---- EXTRACTED INFORMATION

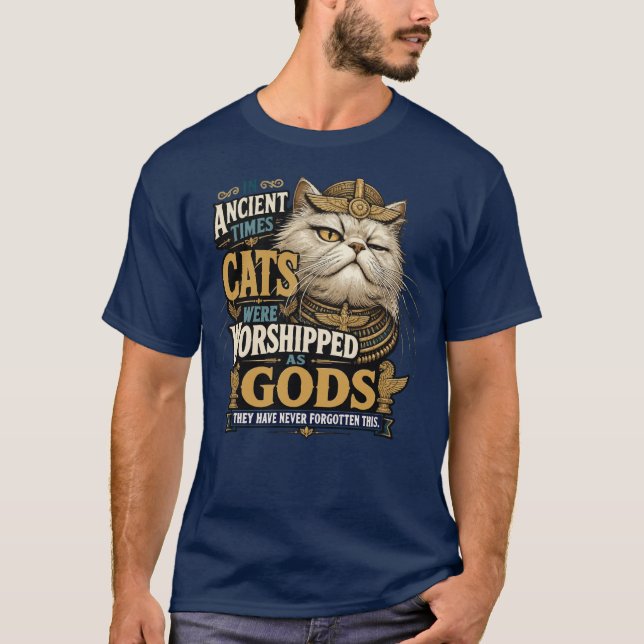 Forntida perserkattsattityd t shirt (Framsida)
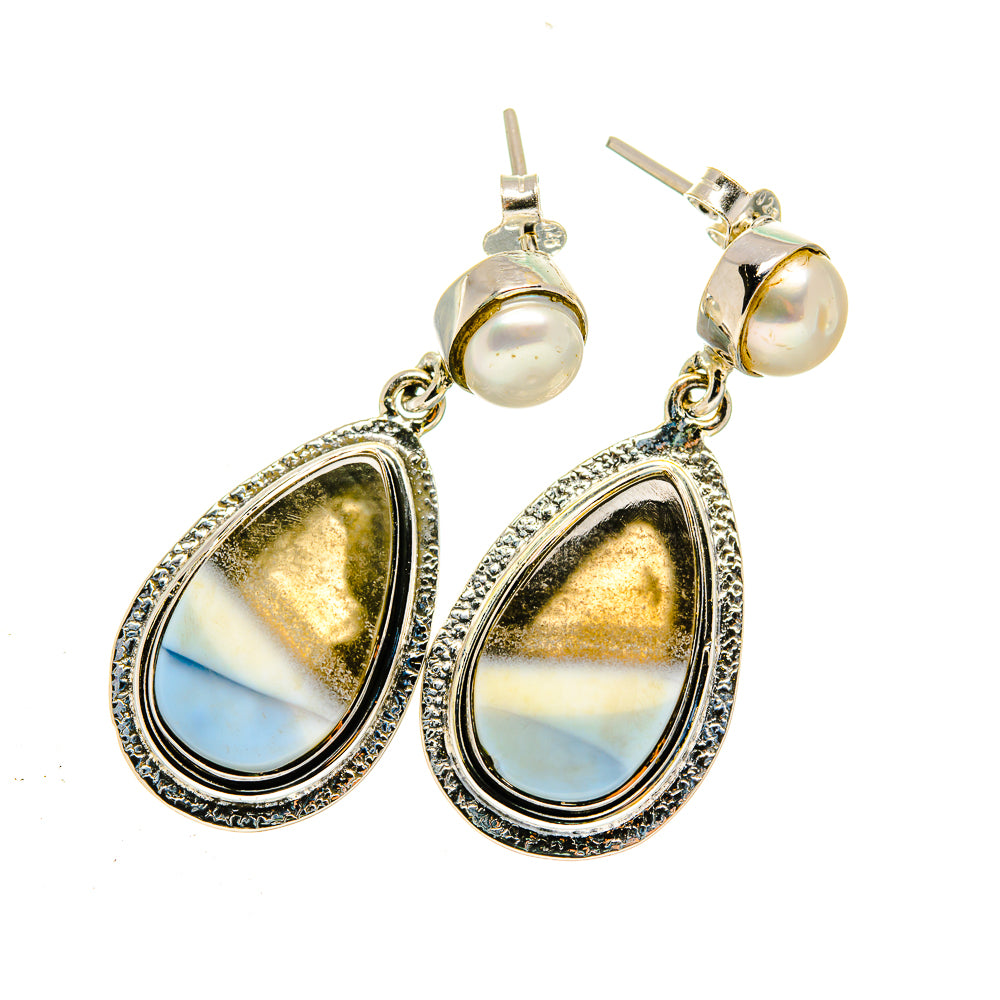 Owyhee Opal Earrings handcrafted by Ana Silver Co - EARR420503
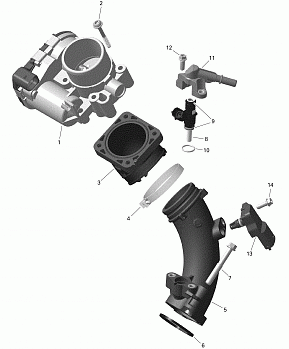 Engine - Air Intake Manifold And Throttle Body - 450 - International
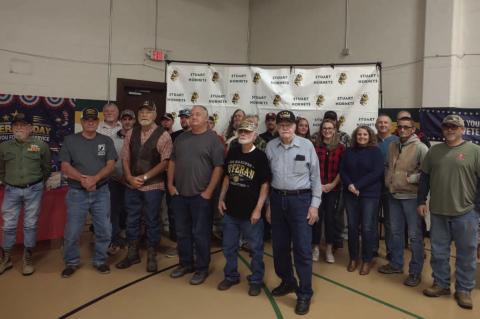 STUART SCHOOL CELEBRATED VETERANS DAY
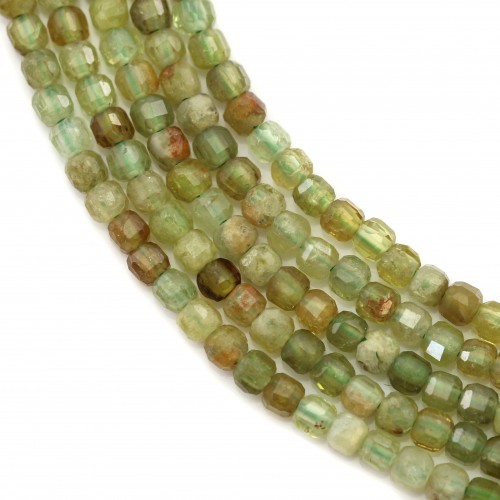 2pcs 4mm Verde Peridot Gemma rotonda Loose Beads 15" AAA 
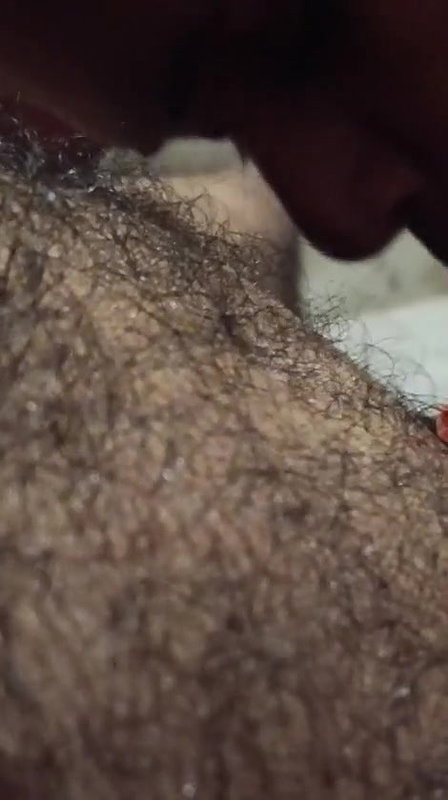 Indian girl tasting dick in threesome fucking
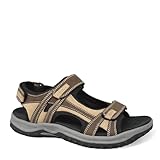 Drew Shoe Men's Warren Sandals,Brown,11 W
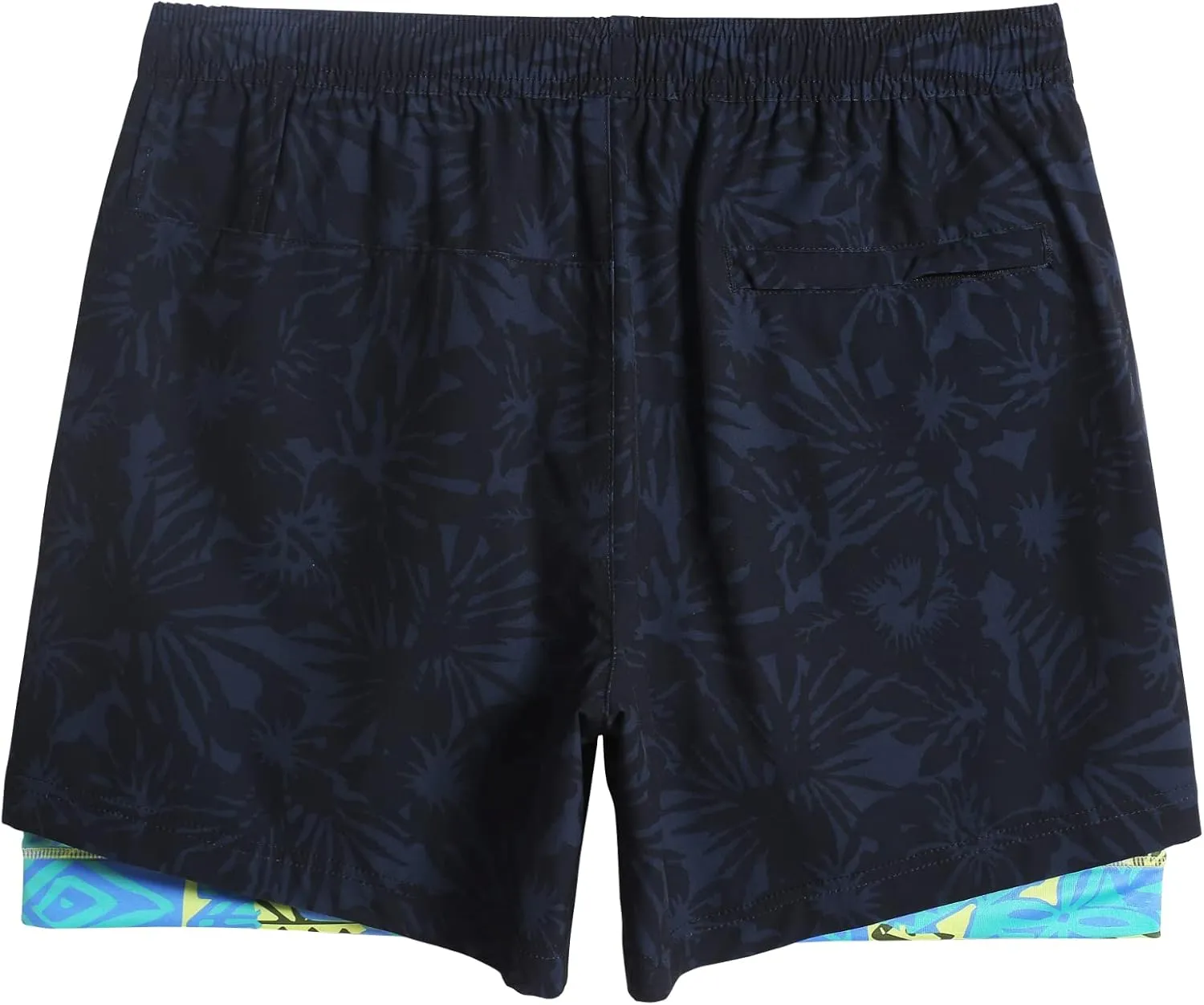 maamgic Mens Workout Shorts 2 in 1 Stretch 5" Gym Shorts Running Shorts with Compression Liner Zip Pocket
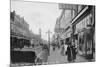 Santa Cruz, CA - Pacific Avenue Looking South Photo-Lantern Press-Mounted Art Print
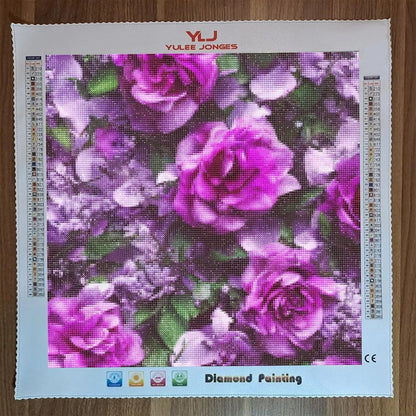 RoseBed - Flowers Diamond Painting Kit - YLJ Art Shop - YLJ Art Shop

--------
---- EXTRACTED INFORMATION

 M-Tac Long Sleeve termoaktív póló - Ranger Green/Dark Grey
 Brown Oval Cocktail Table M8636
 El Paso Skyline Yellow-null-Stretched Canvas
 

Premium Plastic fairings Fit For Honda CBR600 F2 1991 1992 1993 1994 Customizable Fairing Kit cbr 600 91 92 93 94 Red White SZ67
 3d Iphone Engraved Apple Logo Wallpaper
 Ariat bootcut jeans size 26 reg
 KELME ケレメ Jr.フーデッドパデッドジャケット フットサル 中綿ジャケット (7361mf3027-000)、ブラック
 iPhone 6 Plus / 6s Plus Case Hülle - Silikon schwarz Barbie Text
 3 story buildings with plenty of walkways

--------
---- EXTRACTED INFORMATION

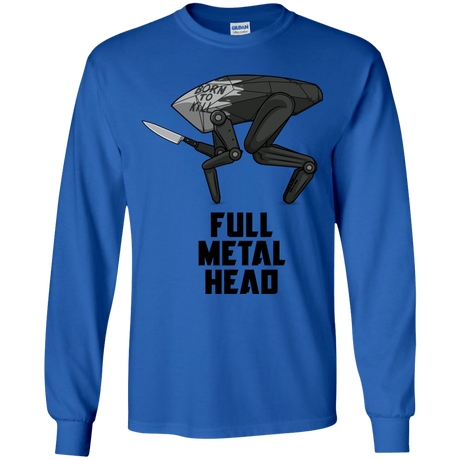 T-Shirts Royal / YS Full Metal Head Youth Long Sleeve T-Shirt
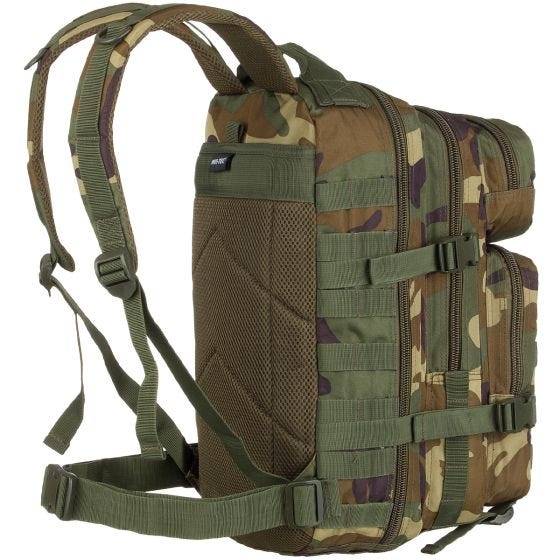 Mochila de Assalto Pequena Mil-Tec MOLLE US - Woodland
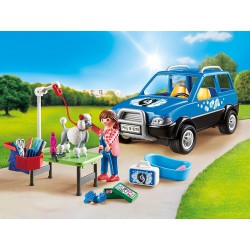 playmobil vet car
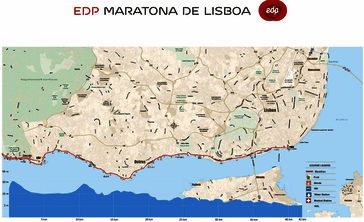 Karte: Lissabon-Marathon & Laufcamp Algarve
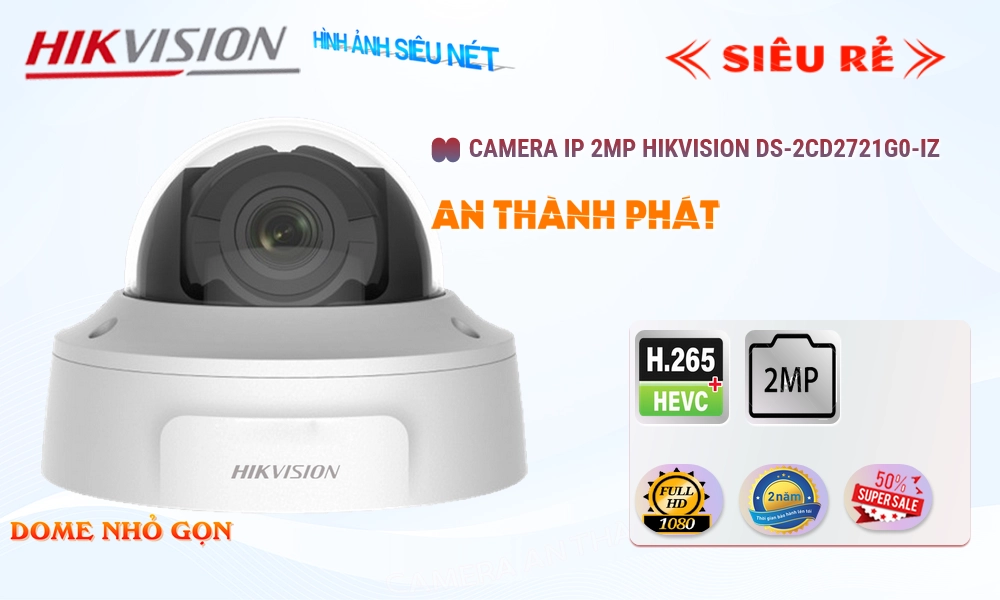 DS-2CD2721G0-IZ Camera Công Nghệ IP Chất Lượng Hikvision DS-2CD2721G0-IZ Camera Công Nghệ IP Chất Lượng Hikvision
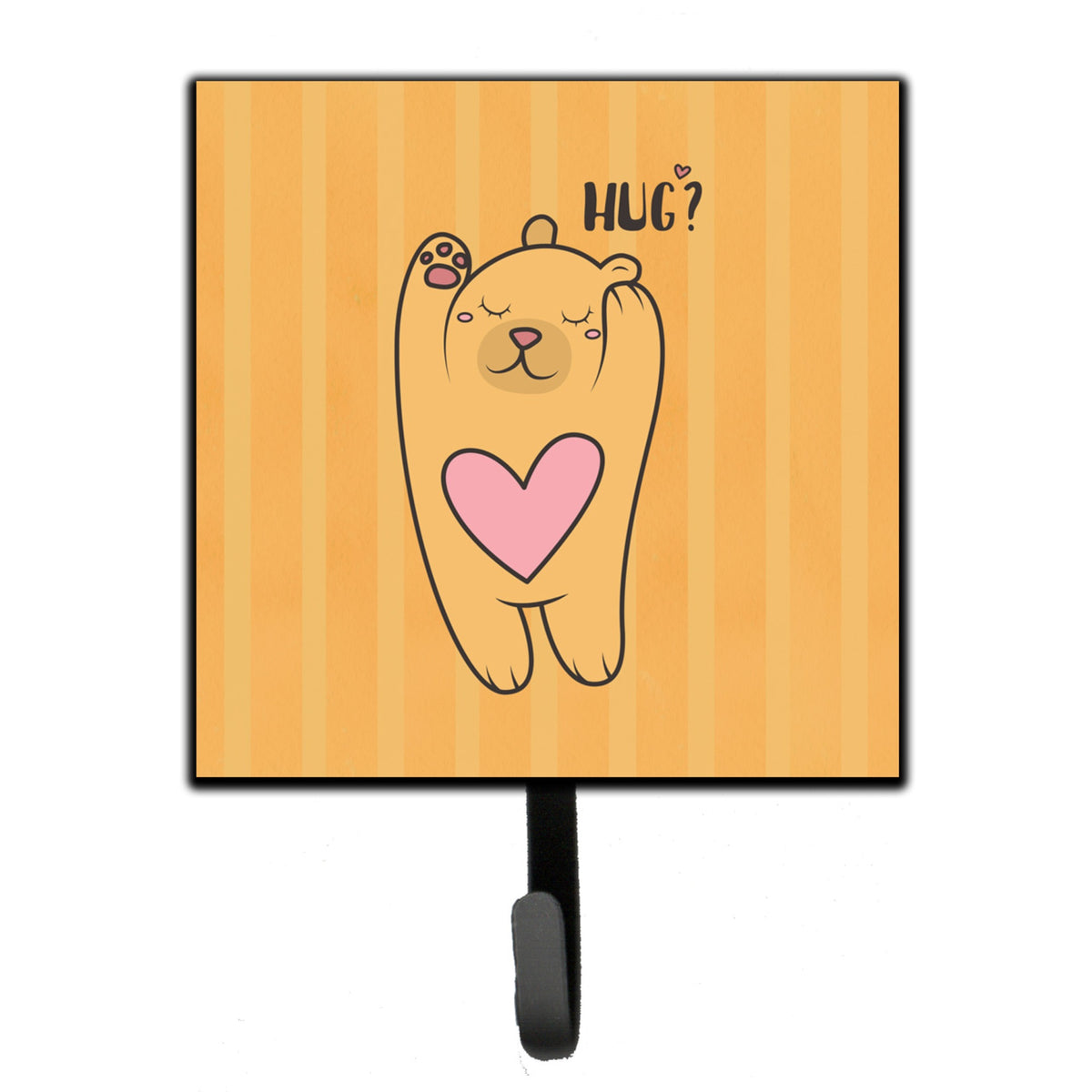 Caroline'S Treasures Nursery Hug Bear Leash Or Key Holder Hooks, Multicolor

--------

▸ **WHAT NEEDS TO BE DONE**
Could you transcribe exactly the entries above, but only the lines from the one with "Forntida perserkattsattityd t" through the one with "Santa Cruz, CA", and without pictures?

▸ **TASK RESULT**
 Forntida perserkattsattityd t shirt (Framsida)
 Owyhee Opal Earrings handcrafted by Ana Silver Co - EARR420503
 Engine - Air Intake Manifold And Throttle Body - 450 - International
 STUART SCHOOL CELEBRATED VETERANS DAY
 2pcs 4mm Verde Peridot Gemma rotonda Loose Beads 15" AAA 
 Indian girl tasting dick in threesome fucking
 Drew Shoe Men's Warren Sandals,Brown,11 W
 maamgic Mens Workout Shorts 2 in 1 Stretch 5" Gym Shorts Running Shorts with Compression Liner Zip Pocket
 Santa Cruz, CA - Pacific Avenue Looking South Photo-Lantern Press-Mounted Art Print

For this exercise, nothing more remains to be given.